Negociata, dinheiro vivo e risoto nos restaurantes de Brasília
Foi num jantar que o cabo Dominguetti se encontrou com representantes do governo para tentar vender o fabuloso lote de 400 milhões de vacinas –e lá mesmo no restaurante, diz ele, ouviu um pedido de suborno.
Assim é Brasília. À noite, a política migra para os salões de certos endereços que também servem comida.
A pretensa negociação de vacinas ocorreu no Vasto, churrascaria do grupo Coco Bambu –de propriedade do cearense Afrânio Barreira, notório apoiador de Bolsonaro. Em vários pontos da capital, há restaurantes eleitos para o encontro informal de políticos e outros agentes da administração pública.
Nada contra Brasília. Inclusive tenho amigos, família e agregados lá. Só não dá para fingir que é uma cidade feito as outras.
No que diz respeito aos exemplares humanos, Brasília é o Leblon da TV Senado. Se o bairro carioca é um desfile de celebridades globais, a capital exibe personagens do noticiário político em situação de bermuda e chinelo.
Você vai comprar cerveja e topa com o juiz bebendo umas e outras. Encontra o deputado e seu totó na pet shop.
No mercado, vê na fila dos frios aquele senador de cabelo tingido de acaju… quem, mesmo? Como nos elencos secundários da TV, alguns atores da política federal são rostos difíceis de se reconhecer.
Os restaurantes são os melhores lugares para praticar o safári de animais políticos.
Brasília tem muitos bons restaurantes de diversas especialidades. Tem até excelentes botecos, um prodígio para uma cidade desprovida de esquinas.
Mas existe uma categoria de restaurantes que, se não é exclusiva de lá, representa como poucas a cena gastronômica do Distrito Federal. É aquela casa sem identidade étnica definida, de pegada meio antigona, meio comida de hotel, cozinha internacional.
Os cardápios entregam estrogonofe, picadinho –o do Fred, na Asa Sul, é absurdo de bom–, coisas gratinadas, risoto de cogumelos na guarnição, salmão com molho agridoce, um molho madeira aqui, um toque de queijo brie ali.
Esses lugares têm sempre uma carne com massa de acompanhamento, para facilitar a escolha. Para reduzir o tempo de hesitação do cliente diante da lista de pratos. Porque a comida o menos importante para alguns desses clientes.
Nos restaurantes frequentados por políticos, o importante é a discrição. O serviço ágil e pouco intrusivo, a distância entre as mesas, a posição ideal para avistar desafetos e jornalistas.
Anos atrás, almocei num hotel à margem do lago Paranoá. Fazia muito calor, mas o político graúdo, líder partidário, escolheu uma mesa no jardim. Bem longe do salão climatizado.

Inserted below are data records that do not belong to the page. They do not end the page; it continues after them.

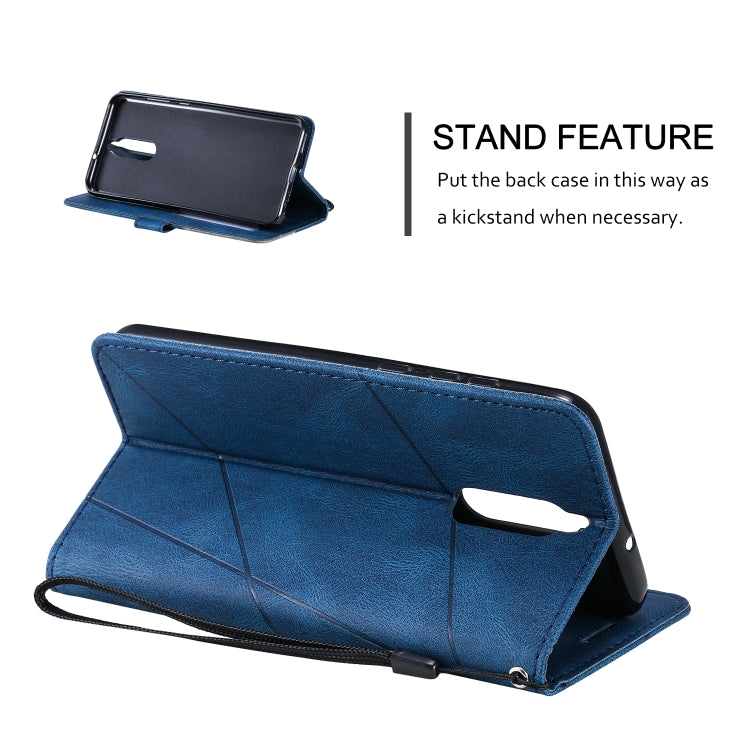 For Huawei Mate 10 Lite Skin Feel Splicing Horizontal Flip Leather Case with Holder & Card Slots & Wallet & Photo Frame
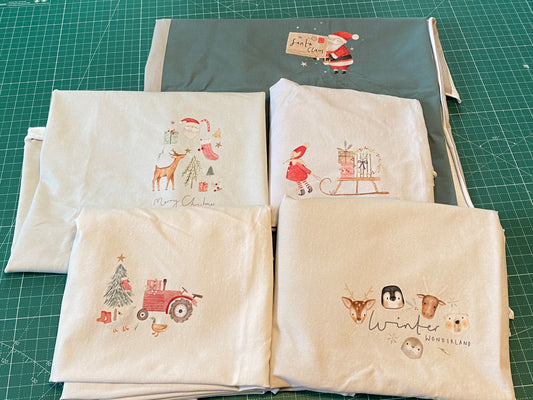 5 Panel Sets - Lumelo and Ginger Christmas Themed - Jersey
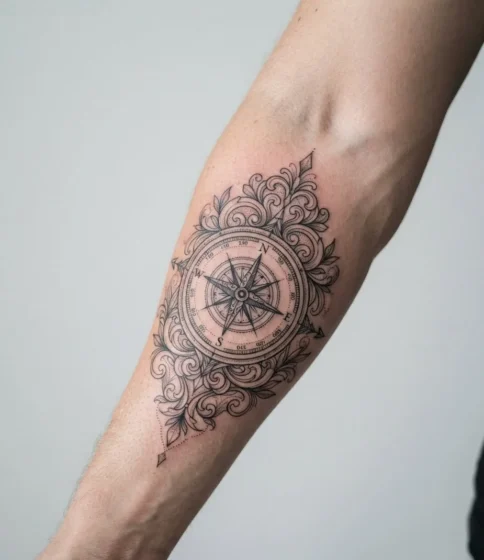 Compass Tattoo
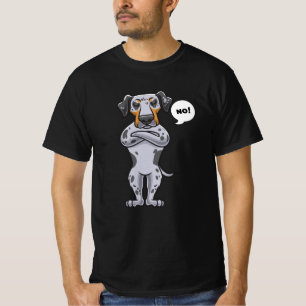 Stubborn Catahoula Leopard Dog grappig T-shirt
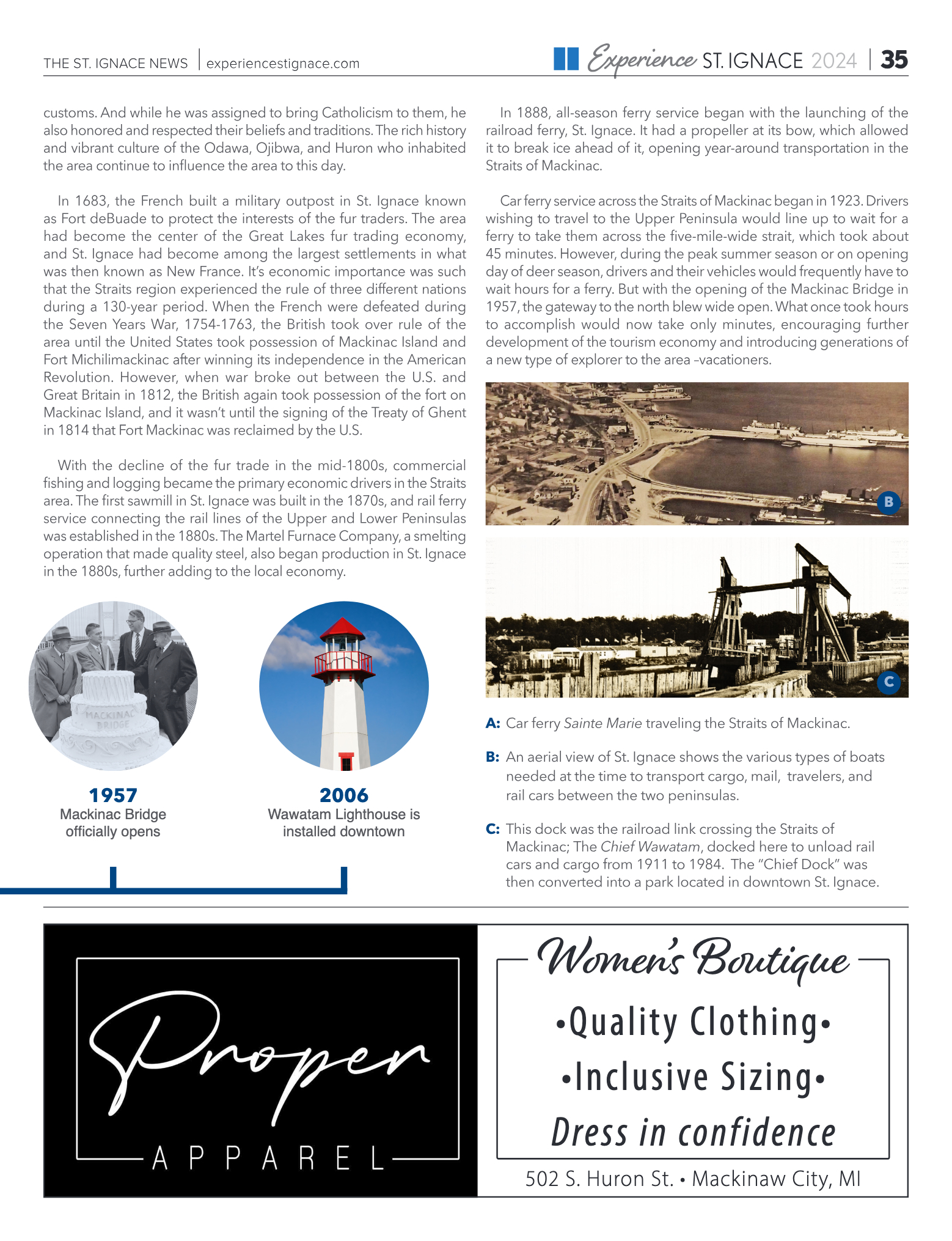 Experience St. Ignace - Guest Travel Guide 2024 - page 35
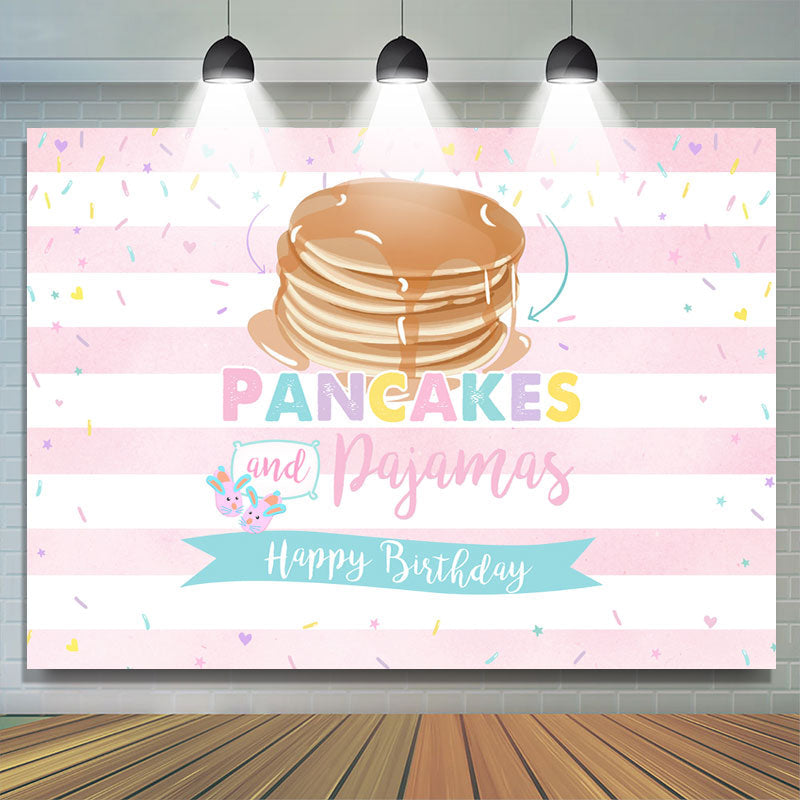 Lofaris Browen Pancakes And Pink Birthday Backdrop For Girl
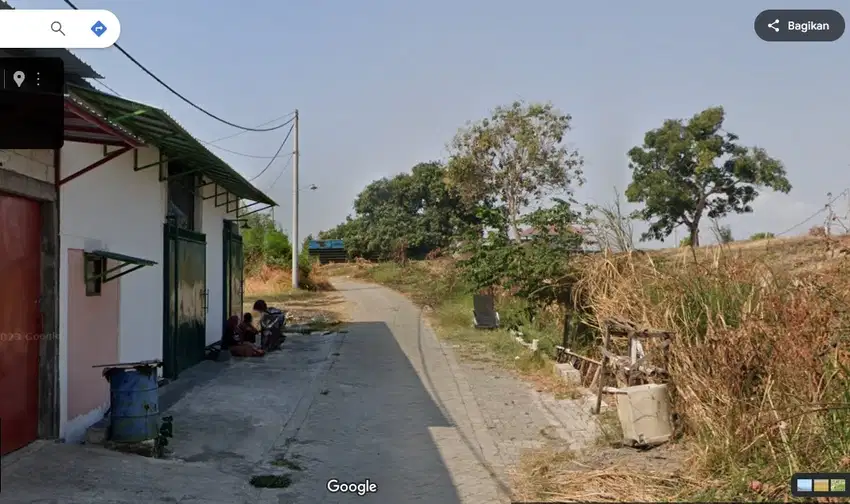 Tanah murah Domas Menganti Gresik Dijual cepat B.U Poll dkt Jl. Raya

Em outra mesa externa, meia dúzia de engravatados. Como numa entrevista de emprego, cada um caminhava até o capo, conversava por 15 minutos e retornava à mesa coletiva. Coisa de Brasília.
Outra coisa de Brasília: vi muita gente sacar bolos de notas para pagar a conta do restaurante com dinheiro vivo. Chama a atenção, pois é algo que não se vê mais em São Paulo ou no Rio. Por que será?